Published online by Cambridge University Press: 18 December 2024
Juicy – that was the title style profiler Ellie Uyttenbroek gave this photo of a young woman dressed in red. She added the subtitle In the Mood for Unplugged Exotic Neo Soul Singer-songwriters. The photo was originally taken in Paramaribo (Suriname), at some time between 1865 and 1880, and donated to the Wereldmuseum (‘World Museum’) in Rotterdam in 1910. A century later, the photo ended up with the Dutch national photography museum, Nederlands Fotomuseum, along with the Wereldmuseum's entire collection of photographs. In 2017, guest curator Uyttenbroek put together the first exhibition based on this collection, entitled Ethnomania. She was given carte blanche and chose style as the theme. She selected one hundred portraits taken as front views that she felt both accentuated the individual expressions of the subjects and highlighted various aspects of their clothing, posture and silhouette. She then edited the photos to make them more stylized, coloured them in, blew them up until they were five metres tall and gave them titles like Everybody is United by the 1980s Colors of Benetton, No Matter your Age, Race, Culture or Sex. Doing this let her distance the photos from their origins long ago in far-away Suriname and Indonesia, and placed them in modern-day Rotterdam. According to Uyttenbroek, they now typified the kaleidoscopic street and fashion scene in Rotterdam, an ‘ethnomaniac’ city where numerous cultures and subcultures live side by side without any real problems “not despite but thanks to the many ethnic and other differences”.

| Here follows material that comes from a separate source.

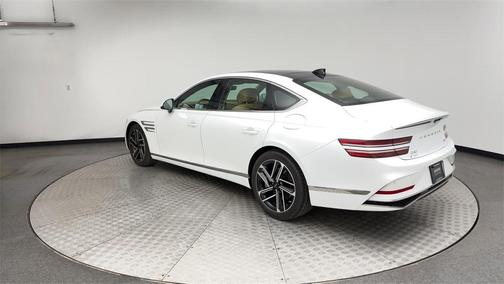 2025 Genesis G80 2.5T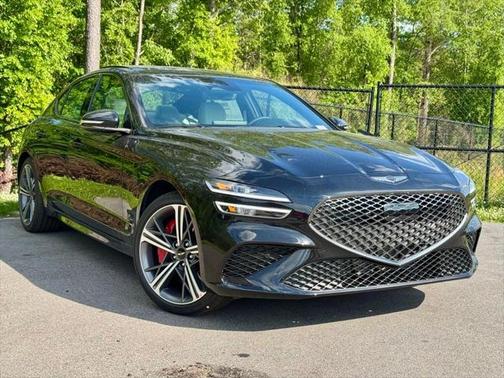 2025 Genesis G70 2.5T RWD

What a contrast with the perspective offered by the East Indies Dossier exhibition on the history of colonial Indonesia three years later in the Wereldmuseum, with guest curator Thom Hoffman. He too selected portraits from the Indonesia collection. But his selection focused on photos of the ‘social types’, for example, who populated the East Indies colony according to conventional European opinion in the late nineteenth and early twentieth centuries. In that period, such photos were taken in series and intended for sale as souvenirs. The photos depicted the colony as it was seen by Europeans: pictures of scenery, princes and their consorts, craftspeople and farming folk in a kind of timeless, unchanging ‘Orientalism’.